第13回は、津久井やまゆり園の「十周年記念誌」(1974)から、その創設期を振り返ります。
ニュース報道で伝えられるとおり、当初計画されていた津久井やまゆり園の施設の建て替えに関して、神奈川県が提示した「再生基本構想」についての公聴会の場で障害者団体や有識者から、大規模施設の再建はノーマライゼーションの時代に逆行するという意見が出され、さらに検討がなされることになりました。

そのような中、「津久井やまゆり園」のような施設が、過去にどのような背景から誕生したのか、そして大規模施設にはどのような課題があるかを改めて考えてみたいと思います。



人手不足から生じる隔離状態


これまでの日本の知的障害者施設の歴史を振り返ってわかる通り、日本ではそもそも障害者を一般社会から「隔離」することを目的に施設がつくられたわけではありませんでした。しかし、「施設の場所が町から遠く離れていて、地域社会から遊離している」「スケジュールが優先され、自由を束縛されることが多い」「集団行動ばかりで、プライバシーがない」「付き合う人が限られてしまう」など、施設特有の制約から、結果として当初から入所者や家族が隔離されていると感じる状況が生まれることはありました。

その背景のひとつに、専門職員の確保が難しく、慢性的な人手不足の施設が多いことがあります。高度成長期には、重度の知的障害者を理解するための研究も未熟で、職員を育成するためのノウハウも十分には蓄積されていませんでした。そのために、大人数を収容する施設が建設されても、その人数に見合うだけの経験ある専門職員を配置することはできませんでした。また、終生保護の施設の場合、入所条件を重度や重症の人に限ったために、職員の介助負担は大きくなり、労働環境の整備や運営管理面でさまざまな問題が生じることになりました。そして、そのようなしわ寄せは入所者にも及び、職員のケアが手薄になるのを補完する意味で管理が強化され、それが隔離状態をもたらすこともありました。

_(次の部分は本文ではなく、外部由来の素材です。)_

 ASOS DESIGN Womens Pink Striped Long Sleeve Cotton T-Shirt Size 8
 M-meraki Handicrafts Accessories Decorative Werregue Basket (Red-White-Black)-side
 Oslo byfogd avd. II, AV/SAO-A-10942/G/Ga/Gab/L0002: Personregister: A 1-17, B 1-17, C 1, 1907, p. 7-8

2016年7月26日に殺傷事件が起きた「津久井やまゆり園」に関しても、神奈川県立図書館で閲覧した「十周年記念誌」(1974)によると、当時の日本の多くの施設が抱えるのと同様の課題を内包していたことがわかります。理想と現実のギャップのひとつの実例として、「津久井やまゆり園」の創設期について振り返ってみたいと思います。


日本初の重度知的障害者の専門施設


「津久井やまゆり園」が誕生したのは、東京オリンピックが開催された1964年(昭和39年)です。その4年前には「精神薄弱者福祉法」が制定され、同法により「精神薄弱者援護施設」が規定され、神奈川県でもいち早く施設の設置が決定されました。1960年代は、地方都市では公共施設や企業の誘致合戦がさかんに繰り広げられていて、神奈川県内の各市町村も誘致に熱心に取り組んでいました。しかし、「津久井やまゆり園」のある相模湖町は山岳地帯の狭間にあり、交通の不便さなどから、有力な施設は望めないとして、当時はあまり人気のなかった精神薄弱者援護施設の誘致に名乗りを上げ、福祉の町づくりをめざしました。

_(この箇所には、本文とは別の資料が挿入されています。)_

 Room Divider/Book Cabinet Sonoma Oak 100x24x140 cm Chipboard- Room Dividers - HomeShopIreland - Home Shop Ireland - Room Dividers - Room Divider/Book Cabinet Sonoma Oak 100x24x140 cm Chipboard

 写真・津久井やまゆり園がある相模原市緑区千良木の風景

津久井やまゆり園がある相模原市緑区千木は、住宅地からも、自然が望める山間の地です。


この頃、知的障害者福祉の世界では、重度の人の処遇が大きな課題となっていました。そこで、神奈川県では、新たに建設する施設を全国初の重度を専門とする精神薄弱者援護施設にする計画を立てました。受け入れ先が得られない障害当事者と厳しい状況にあった家族に援助の手を差し伸べる画期的な施設であり、また、自立生活を前提とした一時収容施設が主流だった時代に、終生保護を目的としている点でも注目を集めました。

開園時の入所者数は100人。入所希望者が多かったために4年後には倍の200人まで増員することになりました。年齢は18歳以上で、IQは測定不能や最重度・重度の知的障害者が9割近くを占め、その中には身体障害を合併する人も1割含まれていました。


環境改善のための試行錯誤


写真・津久井やまゆり園

津久井やまゆり園は県立施設であり、現在は指定管理制度に基づき、社会福祉法人かながわ共同会が運営しています。

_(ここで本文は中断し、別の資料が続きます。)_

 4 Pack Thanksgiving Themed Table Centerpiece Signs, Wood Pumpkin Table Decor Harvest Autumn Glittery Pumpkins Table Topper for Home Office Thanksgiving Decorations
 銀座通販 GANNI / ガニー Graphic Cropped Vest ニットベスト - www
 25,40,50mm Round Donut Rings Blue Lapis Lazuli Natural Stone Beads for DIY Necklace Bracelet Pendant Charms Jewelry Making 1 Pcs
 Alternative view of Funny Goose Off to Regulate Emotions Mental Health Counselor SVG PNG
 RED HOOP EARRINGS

周囲の期待を集めてスタートした施設でしたが、日本初の重度の知的障害者施設である上に、交通不便な地であり、当初職員の確保は困難をきわめました。福祉関係の機関紙に募集広告を出しても応募者は一人もなかったそうです。開園当初、精神薄弱者施設から転勤してきた指導課長を除いて、ようやく集めた職員は全員素人でした。「十周年記念誌」の職員による座談会では、初代園長も、福祉事務所に3年間の勤務経験があっただけで、まったくの素人であったと自ら語っています。

活動記録では10年間を3期に分けて振り返っています。第1期として、職員は入所者を施設の集団生活に慣れさせるだけで一苦労であり、心身の疲れを訴える日々であったことが記されています。入所者は重度である上に、能力も年齢もまちまちで、さらに職員が不慣れだったこともあり、入浴や食事などの介助で時間を奪われ、集団生活の訓練や学習指導などのカリキュラムの消化は難しかったことも正直に書かれています。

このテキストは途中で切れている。